=== Supplied information ===
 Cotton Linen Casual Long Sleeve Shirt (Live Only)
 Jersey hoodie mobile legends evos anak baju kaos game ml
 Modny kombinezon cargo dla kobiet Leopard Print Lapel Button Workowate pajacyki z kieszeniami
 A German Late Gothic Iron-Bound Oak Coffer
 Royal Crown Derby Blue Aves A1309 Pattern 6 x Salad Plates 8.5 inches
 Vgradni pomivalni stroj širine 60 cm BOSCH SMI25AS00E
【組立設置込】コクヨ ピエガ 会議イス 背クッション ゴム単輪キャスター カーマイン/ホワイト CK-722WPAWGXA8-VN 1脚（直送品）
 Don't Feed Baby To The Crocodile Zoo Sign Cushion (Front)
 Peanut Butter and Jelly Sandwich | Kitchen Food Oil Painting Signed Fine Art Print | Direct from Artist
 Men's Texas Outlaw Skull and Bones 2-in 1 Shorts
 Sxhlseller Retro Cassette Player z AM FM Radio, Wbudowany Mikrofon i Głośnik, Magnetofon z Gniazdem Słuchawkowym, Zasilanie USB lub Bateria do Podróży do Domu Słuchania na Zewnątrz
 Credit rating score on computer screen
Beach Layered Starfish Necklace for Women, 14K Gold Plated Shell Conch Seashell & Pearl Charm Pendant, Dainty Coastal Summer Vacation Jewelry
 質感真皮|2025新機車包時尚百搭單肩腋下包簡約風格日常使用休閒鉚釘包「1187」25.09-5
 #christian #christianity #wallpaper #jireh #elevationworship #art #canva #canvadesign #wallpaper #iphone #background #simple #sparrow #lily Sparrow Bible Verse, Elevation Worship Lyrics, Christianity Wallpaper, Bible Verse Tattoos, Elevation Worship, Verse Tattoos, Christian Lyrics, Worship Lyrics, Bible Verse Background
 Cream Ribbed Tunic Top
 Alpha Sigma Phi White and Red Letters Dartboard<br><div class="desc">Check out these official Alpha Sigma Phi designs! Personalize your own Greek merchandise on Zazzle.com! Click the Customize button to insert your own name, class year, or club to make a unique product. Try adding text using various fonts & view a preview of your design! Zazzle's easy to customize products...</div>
===
:: Task item ::
Among the entries above, copy exactly only the lines starting with the one containing "Don't Feed Baby" and going through the one containing "Cream Ribbed Tunic Top", both ends included.

:: Response box ::
 Don't Feed Baby To The Crocodile Zoo Sign Cushion (Front)
 Peanut Butter and Jelly Sandwich | Kitchen Food Oil Painting Signed Fine Art Print | Direct from Artist
 Men's Texas Outlaw Skull and Bones 2-in 1 Shorts
 Sxhlseller Retro Cassette Player z AM FM Radio, Wbudowany Mikrofon i Głośnik, Magnetofon z Gniazdem Słuchawkowym, Zasilanie USB lub Bateria do Podróży do Domu Słuchania na Zewnątrz
 Credit rating score on computer screen
Beach Layered Starfish Necklace for Women, 14K Gold Plated Shell Conch Seashell & Pearl Charm Pendant, Dainty Coastal Summer Vacation Jewelry
 質感真皮|2025新機車包時尚百搭單肩腋下包簡約風格日常使用休閒鉚釘包「1187」25.09-5
 #christian #christianity #wallpaper #jireh #elevationworship #art #canva #canvadesign #wallpaper #iphone #background #simple #sparrow #lily Sparrow Bible Verse, Elevation Worship Lyrics, Christianity Wallpaper, Bible Verse Tattoos, Elevation Worship, Verse Tattoos, Christian Lyrics, Worship Lyrics, Bible Verse Background
 Cream Ribbed Tunic Top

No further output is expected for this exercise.